From the mini-Annals of Improbable Research ("mini-AIR"). The Annals of Improbable Research is a journal devoted to humor in the sciences.
January / February, 1996 (ISSN 1076-500X)
As reported in the popular press, both the CIA and the KGB are hiring psychics. And they pay well.
If you are interested in whether or not you have paranormal powers, just sit down in a quiet corner and mentally send your name and address to Wojtek Bourbaki, AIR's resident ESP expert. If you don't receive notification from us within three days you have no powers.
In the name of national security (any nation, any form of security) and economic growth (in either direction), The Annals of Improbable Research is offering this service free of charge.
In the last issue of mini-AIR, we offered, free of charge, to test any reader who wished to know if he or she has paranormal powers. Testees were instructed to sit in a quiet corner and mentally send us their names and addresses. Alas, we had to terminate the testing program after readers in England and Israel reported a rash of bent spoons and then mentally lodged police complaints against us. We are now engaged in extra-cognitively presenting evidence to demonstrate that, whatever is bent or twisted, it is not the spoons.

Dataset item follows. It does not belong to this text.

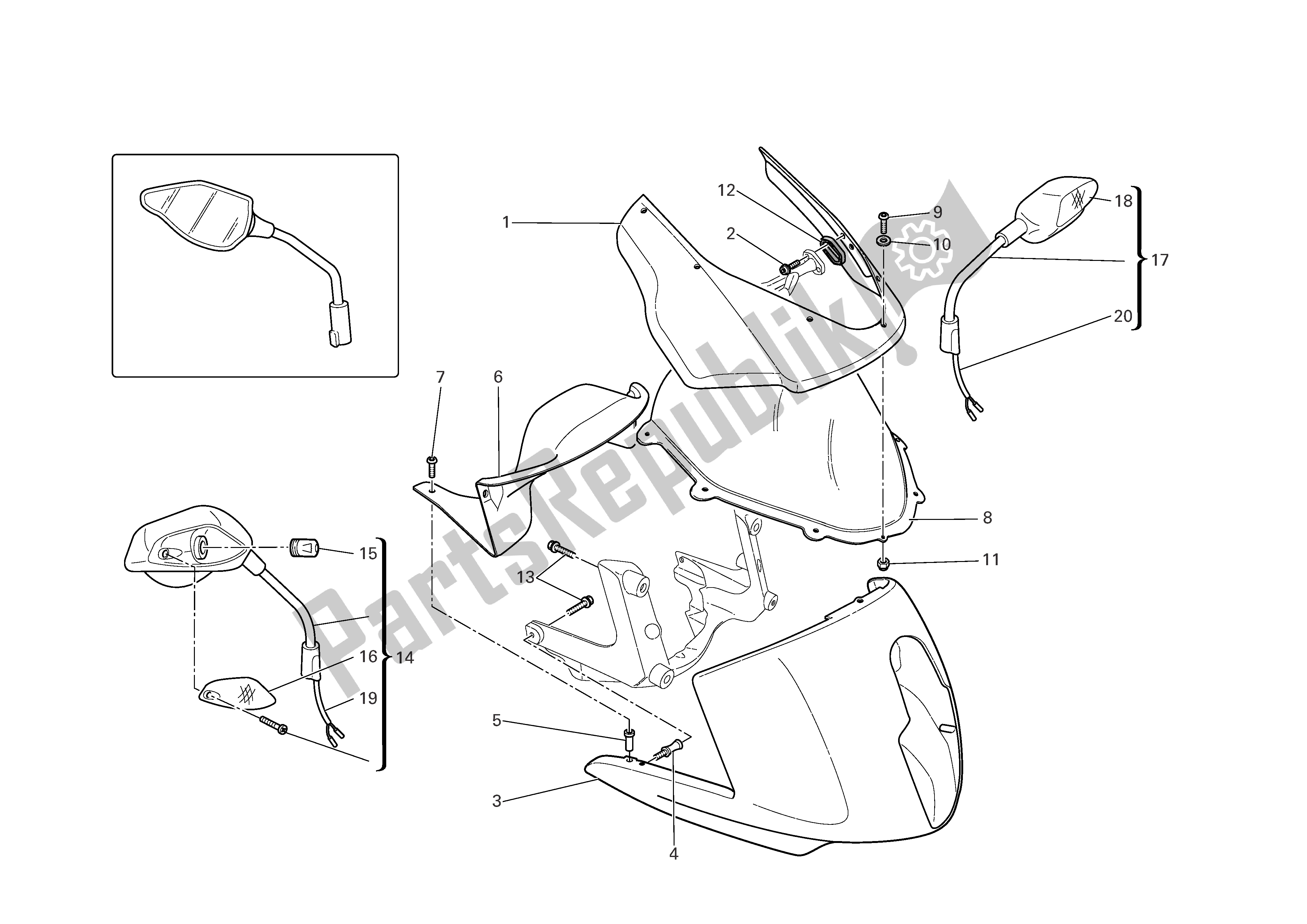 Alle onderdelen voor de Koplamp Kuip van de Ducati Multistrada S 1000 2006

Our paranormal testing program has already had one commercial spin-off. Our engineers have developed a truly foolproof data security protocol. It is called PGP-Y -- "Pretty Good Parasychology." The mechanism is simple. You imagine that you have transmitted data to someone; that person then imagines that he has received them. Using PGP-Y, any type of information can be transmitted over the Internet with complete security. The key is that the data are transmitted high over the net -- so high that the data actually travel above the net rather than within it. The data are transmitted telepathically (and for those who distrust electronic funds, we also have a scheme for transmitting cash and gold plate telekinetically.)